Very confused as to what version of Java is in Feisty;(

NoOp glgxg at mfire.com
Fri May 4 02:25:08 UTC 2007


On 05/02/2007 02:44 PM, John L Fjellstad wrote:
> Ghodmode <ghodmode at ghodmode.com> writes:
> 
>> I didn't know about the alternatives system.  I changed all of those
>> links manually.  I see from Scott's example how to update it to point
>> at a package.  How would I do it for a JDK that I installed manually?
> 
> Check out the manual page for update-alternatives.
> You basically have to tell the alternatives system about your manual
> installation, and decide on what should be the master link and what the
> slaves are and the priority this version of JDK should have.
> 

Along those same lines & somewhat related; if I do java -version or java
--version on one machine, I get:

:~/javascore$ java -version
bash: java: command not found

On all others I get a proper response.

So, I used:
sudo update-java-alternatives -a
(-a for auto) and now it shows up properly:

$ java -version
java version "1.6.0"
Java(TM) SE Runtime Environment (build 1.6.0-b105)
Java HotSpot(TM) Client VM (build 1.6.0-b105, mixed mode, sharing)

Now:
$ sudo update-alternatives --config java

There are 2 alternatives which provide `java'.

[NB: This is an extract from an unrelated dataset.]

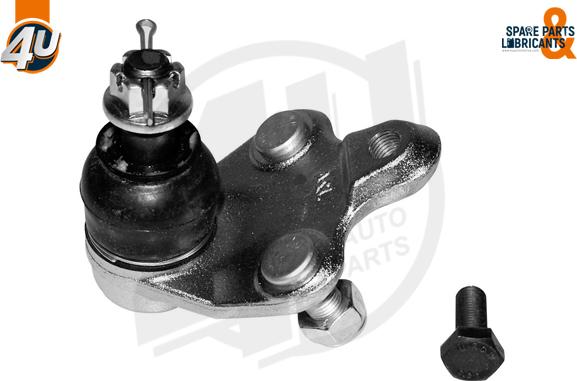 4U Autoparts B62345 - Шаровая опора, несущий / направляющий шарнир www.autospares.lv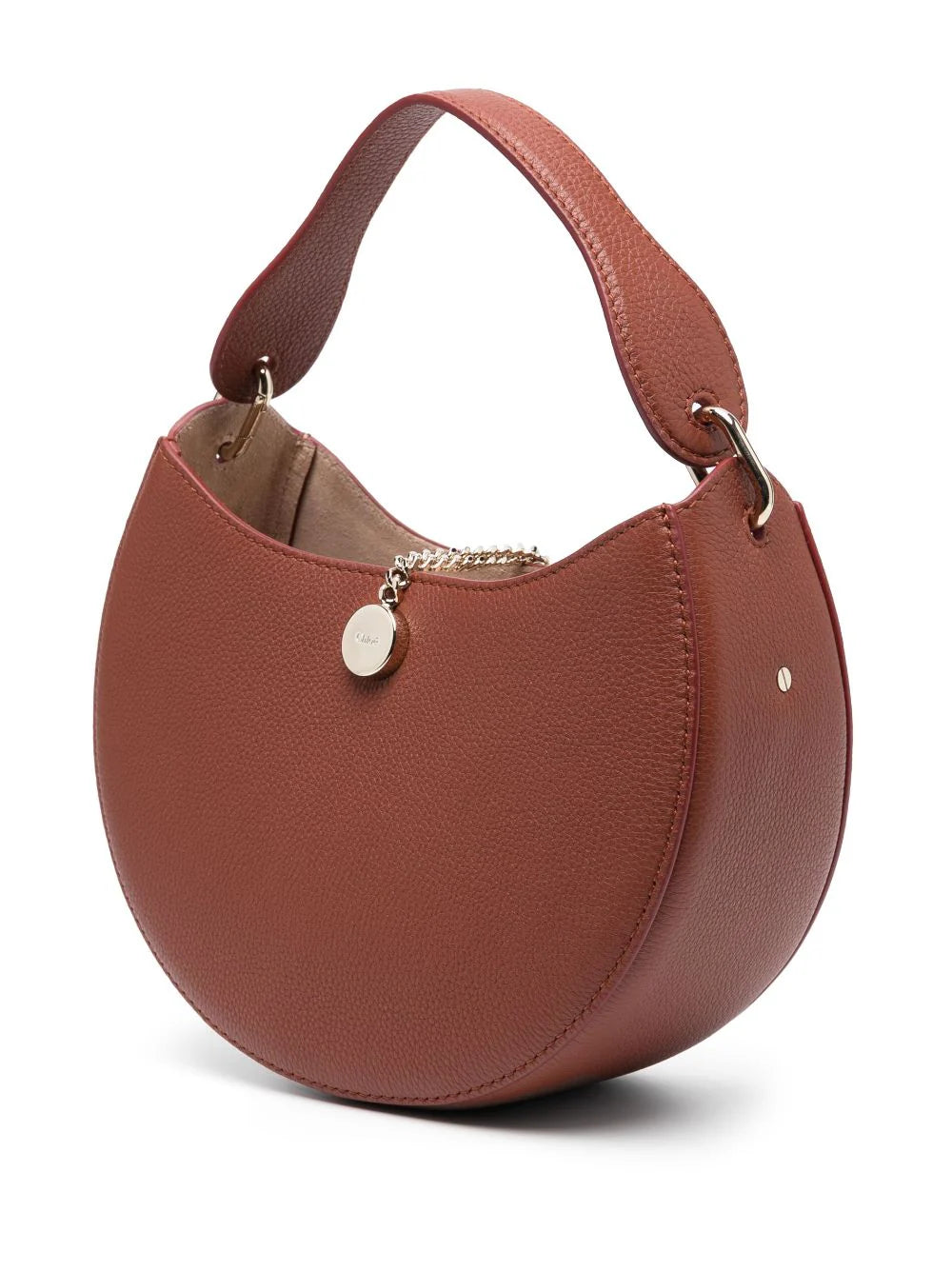 ARLÈNE LEATHER CROSSBODY BAG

  Selection    Alternative
-----------------------------------------------
          1    /usr/bin/gij-wrapper-4.1
*+        2    /usr/lib/jvm/java-6-sun/jre/bin/java

Press enter to keep the default[*], or type selection number: 2
Using `/usr/lib/jvm/java-6-sun/jre/bin/java' to provide `java'.

Interesting part is that I just installed Sun JRE 1.6.0.01 but it's not
showing up in alternatives. However if I use an application - OpenOffice
for instance and from OOo do Tools|Options|OpenOffice.org|Java, both JRE
version 1.6.0 and 1.6.0.1 show up.

So I guess I'm in the same cat as the OP, and find the 'which version'
confusing as well. Anyone have a link that helps explain how all of this
works on Ubuntu/Debian in basic terms?